Chicago | Reuters –– U.S. corn and soybean futures dropped to their lowest in more than a week on Thursday, with investors locking in gains made from a recent rally as combines rolled across key production areas of the Midwest, traders said.
“The grains appear to be in full-on profit-taking mode this week as the 2020 harvest ramps up, with yield reports particularly for soybeans) undeniably producing phrases like ‘better than expected’ or ‘producer pleased’, despite dryness in much of the heart of the Corn Belt this summer,” Matt Zeller, director of market information at StoneX, said in a note.

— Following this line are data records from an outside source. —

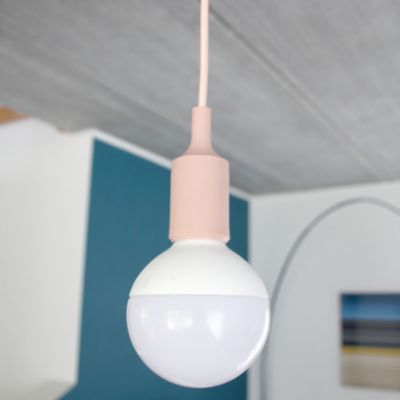 Suspension en silicone rose pale Chacon l.8,1 x H.112,8 cm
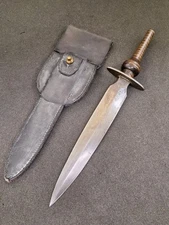 George F Ainslie Hand Forged Plug Bayonet Dagger Knife 9 3/4" Blade USA Custom 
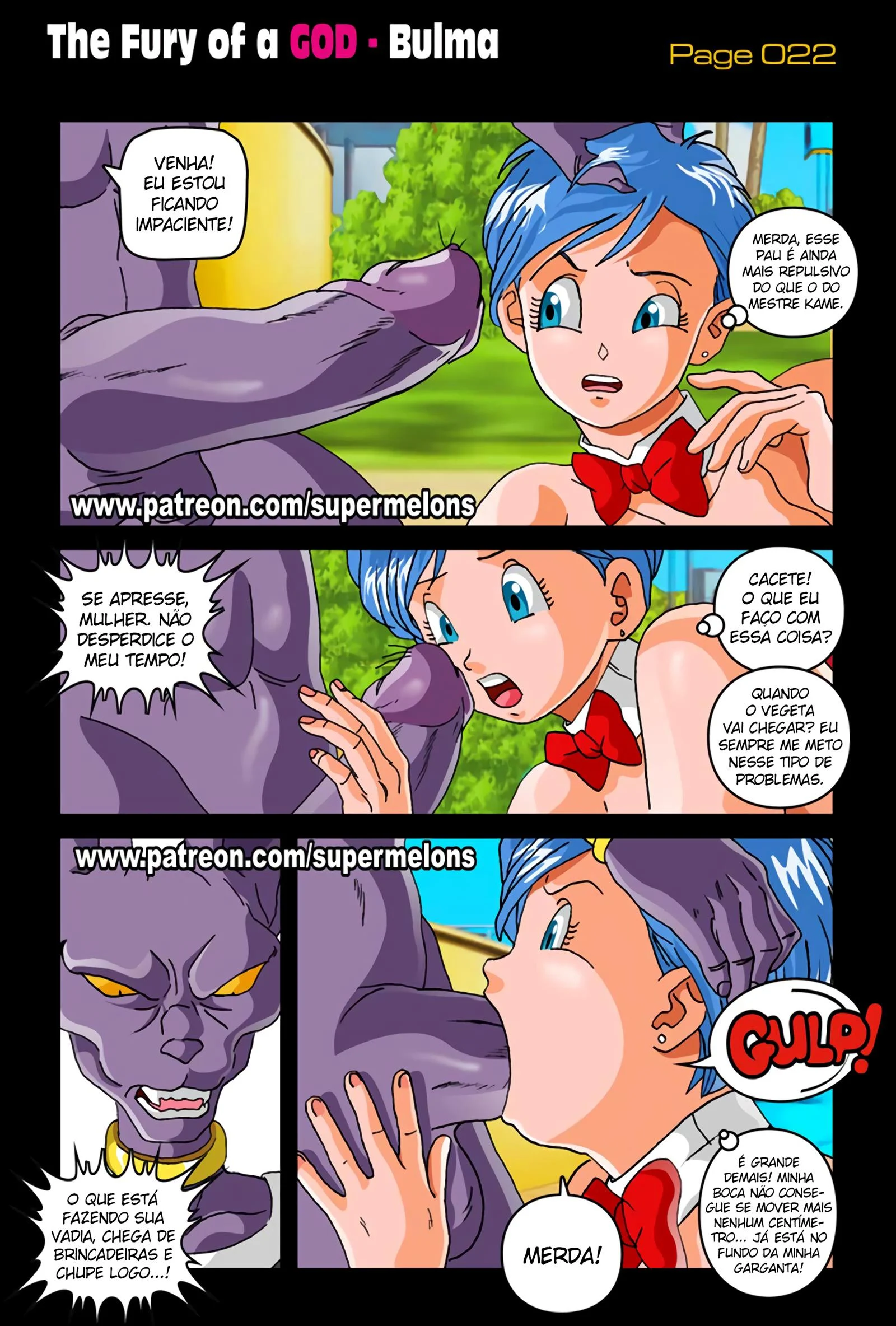 A F&uacute;ria de Bills &ndash; Bulma Hentai &ndash; Sem Censura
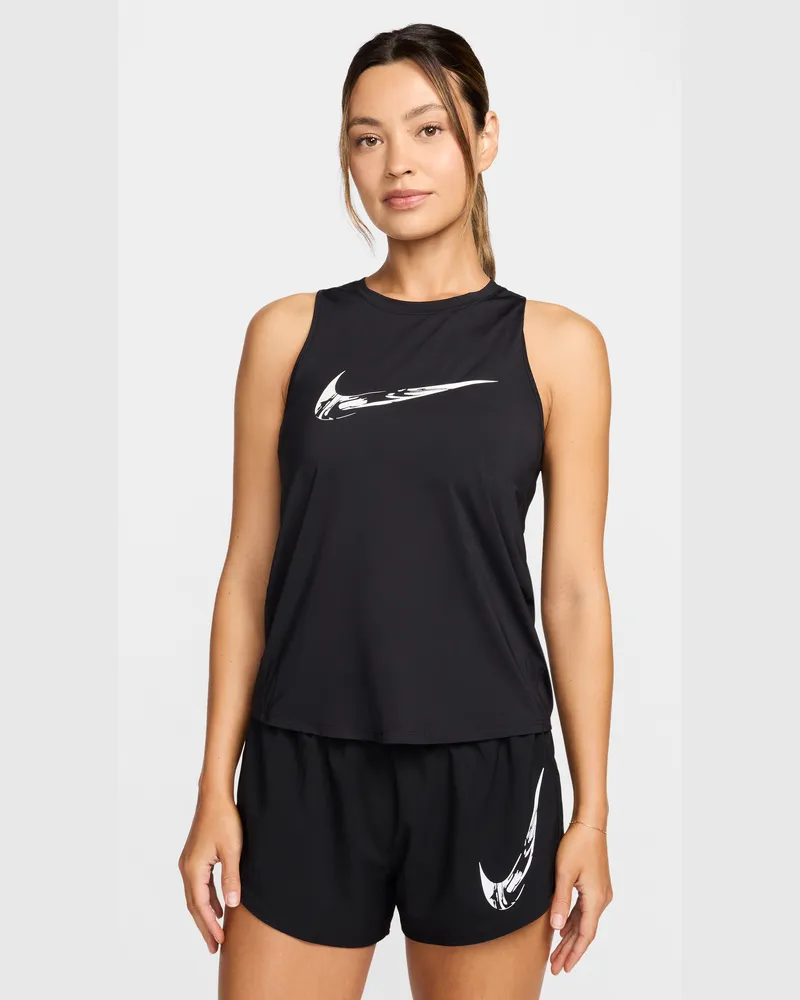 Nike One Dri-FIT-Lauftanktop mit Grafik (Damen) - Schwarz Schwarz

A flurry of export sales to China, together with concern over weather damage to U.S. crops, had fanned a rally in Chicago prices.
Wheat futures ticked higher after sagging 3.8 per cent so far this week, with speculators covering short positions as the U.S. dollar consolidated around a two-month high. The currency rally, which makes dollar-denominated commodities like wheat more expensive to overseas buyers, had depressed prices.
Traders shrugged off a weekly U.S. Agriculture Department report that showed export sales of corn at 2.139 million tonnes and export sales of soybeans at 3.195 million tonnes. Both topped the high end of market expectations.
But USDA did not report a fresh deal for soybeans to China in its daily reporting system, snapping a stretch of 14 straight trading days a so-called flash sale has been announced.
“Beans were down all day, off harvest pressure, lack of Chinese buying overnight,” Charlie Sernatinger, global head of grain futures at ED+F Man Capital said in a note.
CBOT November soybean futures dropped 14-1/2 cents to $10 a bushel and CBOT December corn ended down five cents at $3.63-1/2. Both contracts hit their lowest since Sept. 16.
CBOT December soft red winter wheat gained 3/4 cent to $5.49-3/4.